Family members and friends often worry that they said or did something to cause a loved one to self-harm. Keep in mind that people self-harm for many different reasons, including:
experiencing immediate physical release for emotional distress
being able to inadvertently express emotions
self-punishing oneself for mistakes or having difficult emotions
peer influence (others are doing it, so it feels more normalized)
Ask directly: Even if you feel nervous, if you have any suspicions about self-harm, ask the person directly. They may be relieved that you started the conversation. More than anything, aim to be compassionate. This is a vulnerable topic, and lecturing or getting angry will likely result in the person shutting down. Keep in mind that your loved one may not be honest with you right away.

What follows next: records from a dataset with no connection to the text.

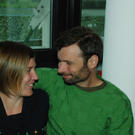 DSC_5913.JPG
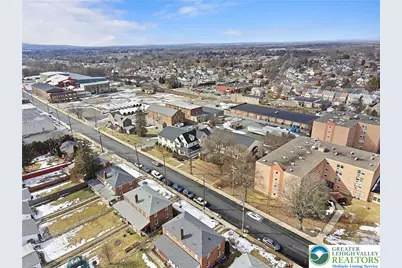 659 Broad Street, Emmaus Boro, PA 18049 - Photo 16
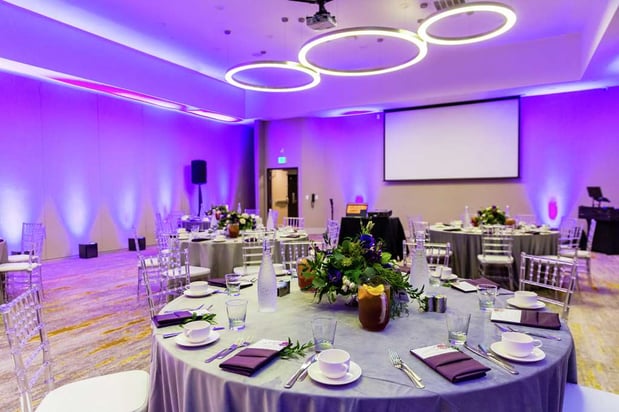 Images DoubleTree by Hilton Pomona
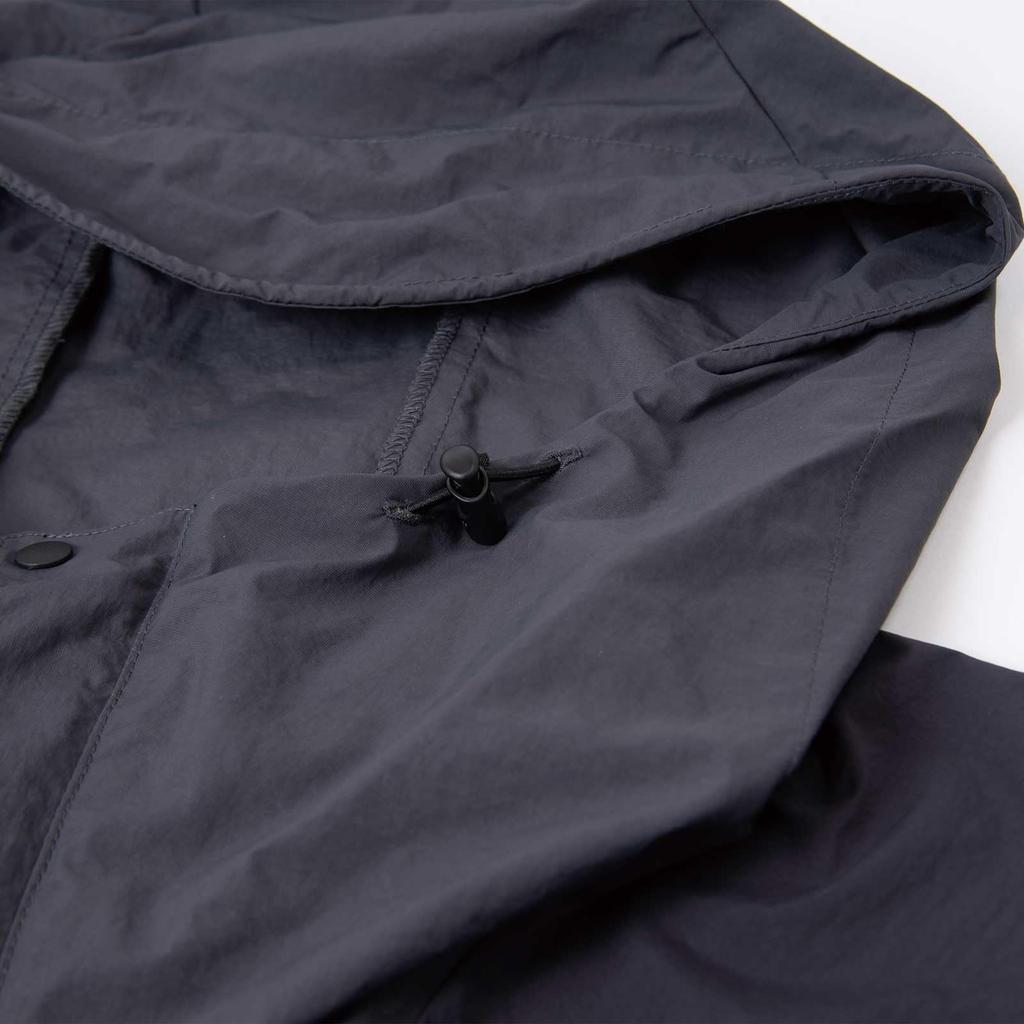Triton LT Jacket Water-repellent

Don't blame yourself: At this point, it isn't helpful to blame yourself for what's going on. All mental health issues are inherently complex and part of a greater system. A loved one self-harming does not mean you are a bad person. Focus your efforts on being a source of emotional support and be mindful of your judgments or biases.

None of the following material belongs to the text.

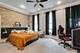 1005 S Racine, Chicago, IL 60607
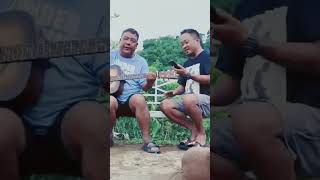 Nuar Hawr Hawr Be Aww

Don't make them promise to stop: Most people who self-harm want to stop, but they often lack adequate distress tolerance skills to manage their intense emotions. They may also struggle with poor impulse control or low self-esteem. Keep in mind that self-harm can mimic other compulsive behaviour, and it's normal to have lapses during the early stages of recovery.

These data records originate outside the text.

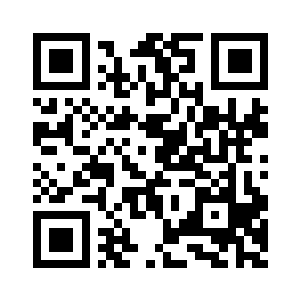 他们都能掀起规模巨大的起义二维码生成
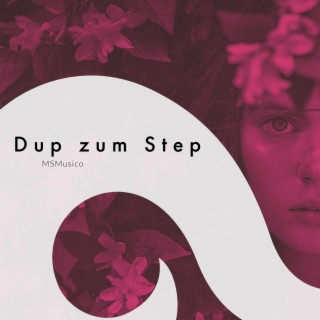 Dub zum Step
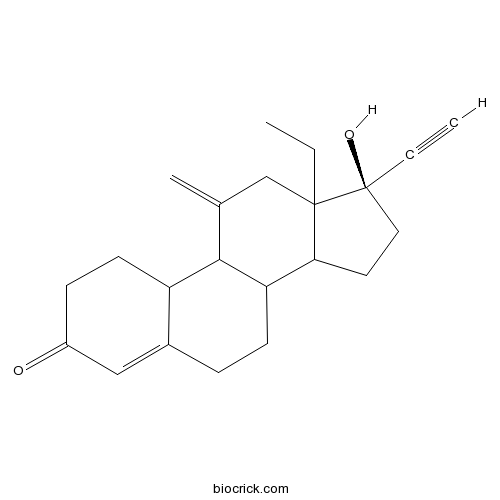 Etonogestrel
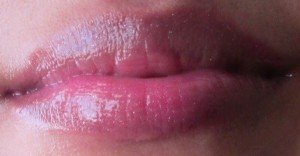 Deborah Milano #04 24Ore Euphoric Shine Lip Gloss7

Honour your loved one’s mental health: If you know your loved one is under immense stress, try to slow down. Let them know they're allowed to ask for help, support, or downtime. Yes, work or school are important, but they should never be prioritized above someone's emotional wellness. Model how you engage in self-care and try to practice better stress management yourself.
Support treatment: Let your loved one know there are treatments for self-harm and that you are willing to help them get the support they need.